EXERCISE GOAL
The reply should hold every line of the listing exactly, and none of its images.
[[ INFORMATION SUPPLIED, beginning ]]
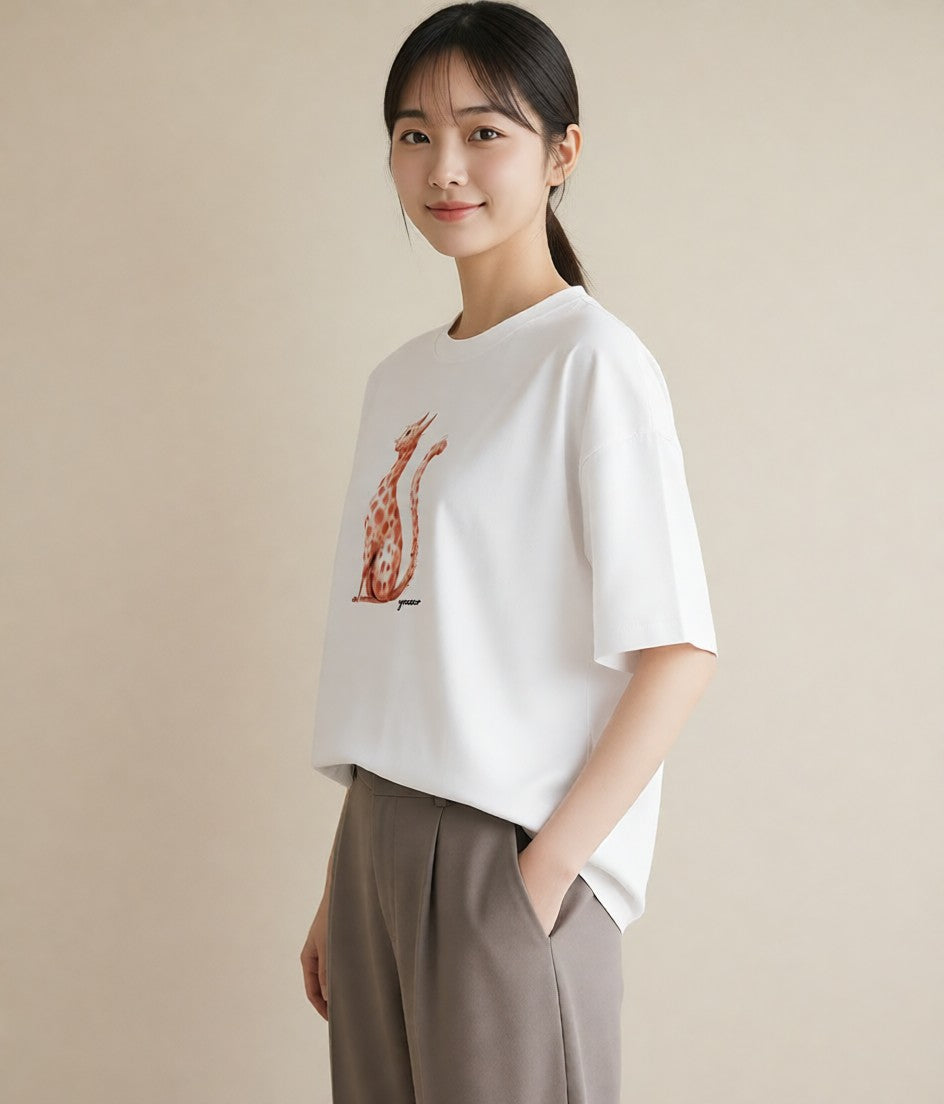 グラフィックTシャツ レディース 茶トラ 茶猫 猫 ねこ イラスト ガーリー 夏コーデ 通学 白T YMAZO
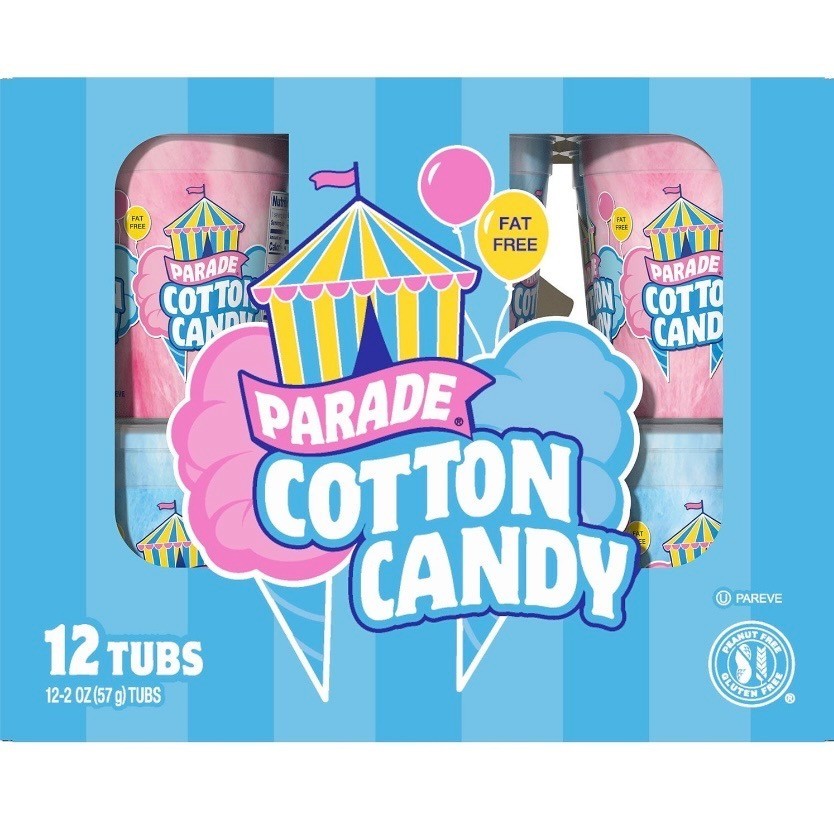 Parade Cotton Candy 12 Pack Assorted Flavors Bulk Carnival Snack Treats Fresh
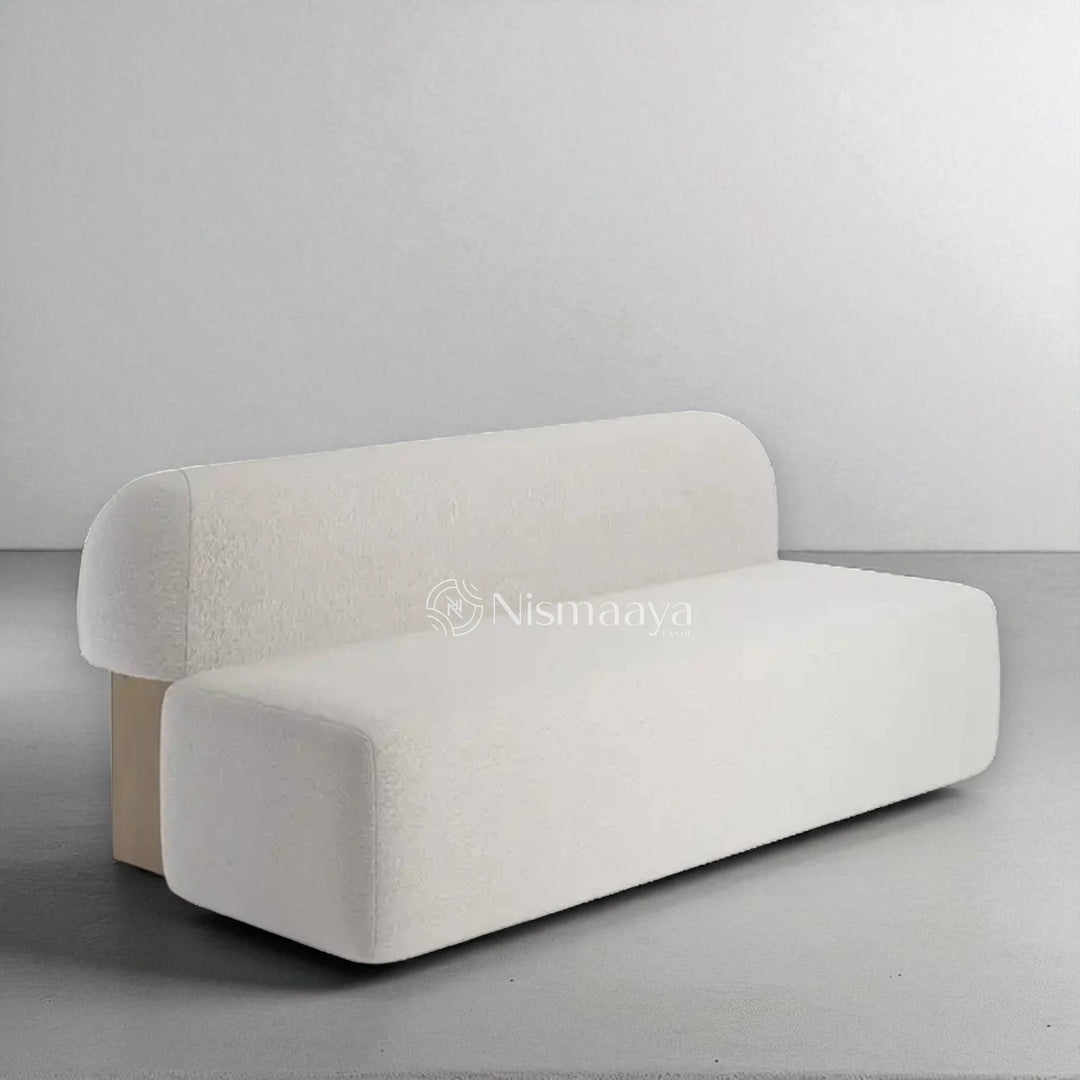 Nismaaya Bacca 2 Seater Contemporary Sofa In Fabric And Wood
[[ INFORMATION SUPPLIED, end ]]
EXERCISE SOLUTION
 グラフィックTシャツ レディース 茶トラ 茶猫 猫 ねこ イラスト ガーリー 夏コーデ 通学 白T YMAZO
 Parade Cotton Candy 12 Pack Assorted Flavors Bulk Carnival Snack Treats Fresh
 Nismaaya Bacca 2 Seater Contemporary Sofa In Fabric And Wood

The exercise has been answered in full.